Solennité de l'Epiphanie
— B —

 

Lecture du livre d'Isaïe (LX, 1-6)

Debout, Jérusalem ! Resplendis : elle est venue, ta lumière, et la gloire du Seigneur s'est levée sur toi. Regarde : l'obscurité recouvre la terre, les ténèbres couvrent les peuples ; mais sur toi se lève le Seigneur, et sa gloire brille sur toi.

Les nations marcheront vers ta lumière, et les rois, vers la clarté de ton aurore. Lève les yeux, regarde autour de toi : tous, ils se rassemblent, ils arrivent ; tes fils reviennent de loin, et tes filles sont portées sur les bras.

Alors tu verras, tu seras radieuse ; ton cœur frémira et se dilatera. Les trésors d'au-delà des mers afflueront vers toi avec les richesses des nations. Des foules de chameaux t'envahiront, des dromadaires de Madiane et d'Epha. Tous les gens de Saba viendront, apportant l'or et l'encens et proclamant les louanges du Seigneur.

 

Psaume 71

Dieu, donne au roi tes pouvoirs,
à ce fils de roi ta justice.
Qu'il gouverne ton peuple avec justice,
qu'il fasse droit aux malheureux !

En ces jours-là, fleurira la justice,
grande paix jusqu'à la fin des lunes !
Qu'il domine de la mer à la mer,
et du Fleuve jusqu'au bout de la terre !

Les rois de Tarsis et des îles apporteront des présents,
les rois de Saba et de Seba feront leur offrande.
Tous les rois se prosterneront devant lui,
tous les pays le serviront.

Il délivrera le pauvre qui appelle
et le malheureux sans recours.
Il aura souci du faible et du pauvre,
dont il sauve la vie.

 

Lecture de la lettre de saint Paul, apôtre
aux Éphésiens, (III, 2-3, 5-6).

Frères, vous avez appris en quoi consiste la grâce que Dieu m'a donnée pour vous : par révélation il m'a fait connaître le mystère du Christ. Ce mystère, il ne l'avait pas fait connaître aux hommes des générations passées, comme il l'a révélé maintenant par l'Esprit à ses saints apôtres et à ses prophètes. Ce mystère, c'est que les païens sont associés au même héritage, au même corps, au partage de la même promesse, dans le Christ Jésus, par l'annonce de l'Évangile.

 

Évangile de notre Seigneur  Jésus-Christ
selon Saint Matthieu (II 1-12).

Jésus était né à Bethléem en Judée, au temps du roi Hérode le Grand. Or, voici que des mages venus d'Orient arrivèrent à Jérusalem et demandèrent : Où est le roi des Juifs qui vient de naître ? Nous avons vu se lever son étoile et nous sommes venus nous prosterner devant lui.

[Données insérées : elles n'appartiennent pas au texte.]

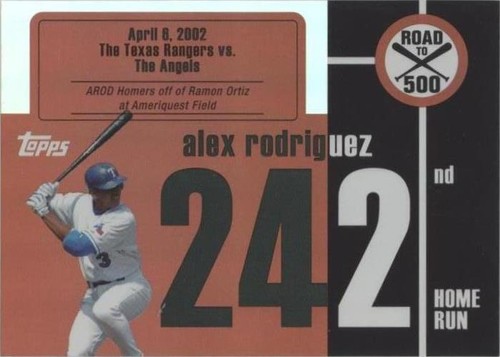 2007 Topps - Alex Rodriguez #ARHR242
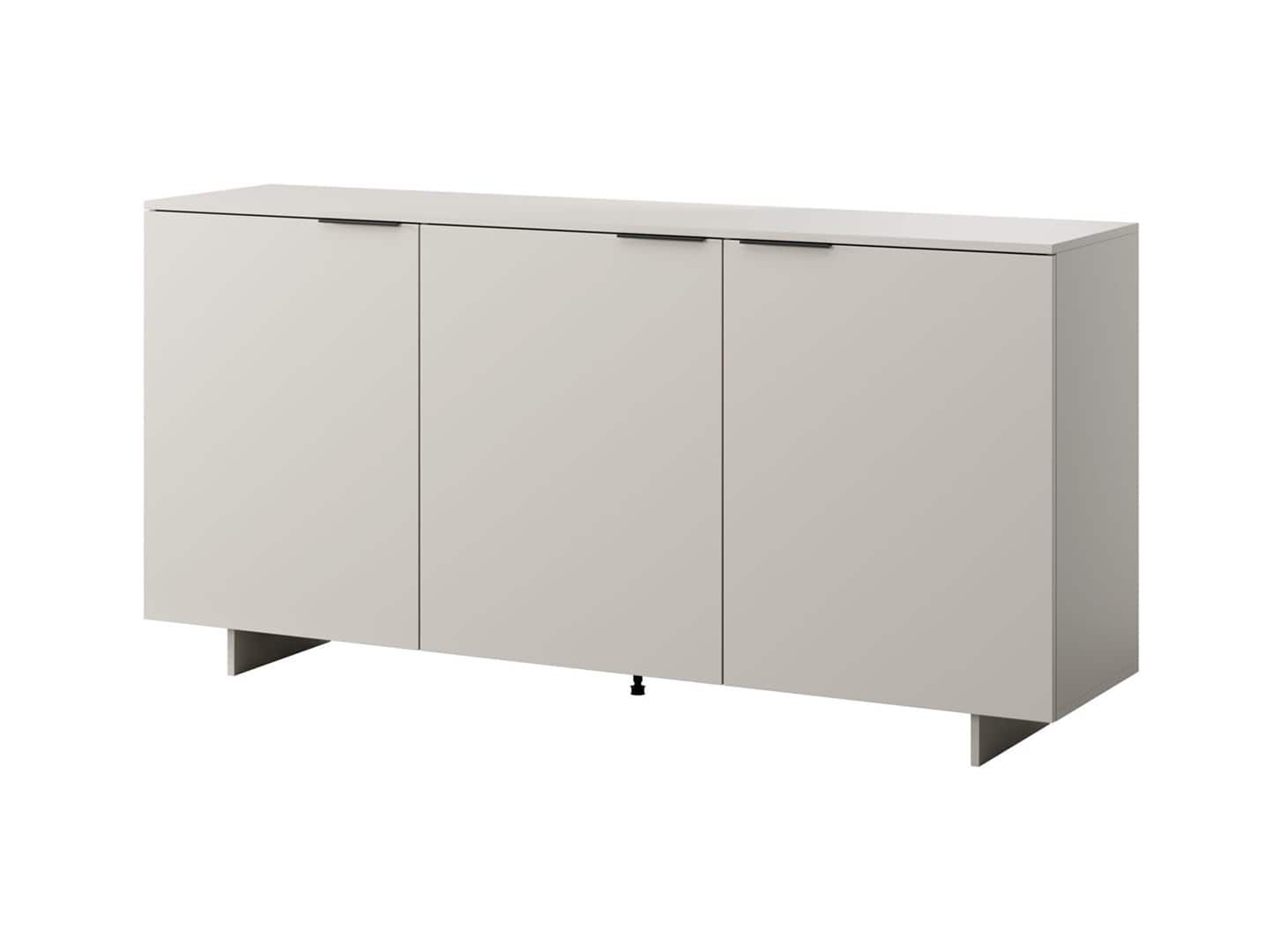 Komoda 3D ALMA 180x41,5xH90 kaszmir — zdjęcie 1 z 4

En apprenant cela, le roi Hérode fut pris d'inquiétude, et tout Jérusalem avec lui. Il réunit tous les chefs des prêtres et tous les scribes d'Israël, pour leur demander en quel lieu devait naître le Messie. Ils lui répondirent : À Bethléem en Judée, car voici ce qui est écrit par le prophète : Et toi, Bethléem, en Judée, tu n'es certes pas le dernier parmi les chefs-lieux de Judée ; car de toi sortira un chef, qui sera le berger d'Israël mon peuple. Alors Hérode convoqua les mages en secret pour leur faire préciser à quelle date l'étoile était apparue ; puis, il les envoya à Bethléem, en leur disant : Allez vous renseigner avec précision sur l'enfant. Et quand vous l'aurez trouvé, avertissez-moi pour que j'aille, moi aussi, me prosterner devant lui. Sur ces paroles du roi, ils partirent.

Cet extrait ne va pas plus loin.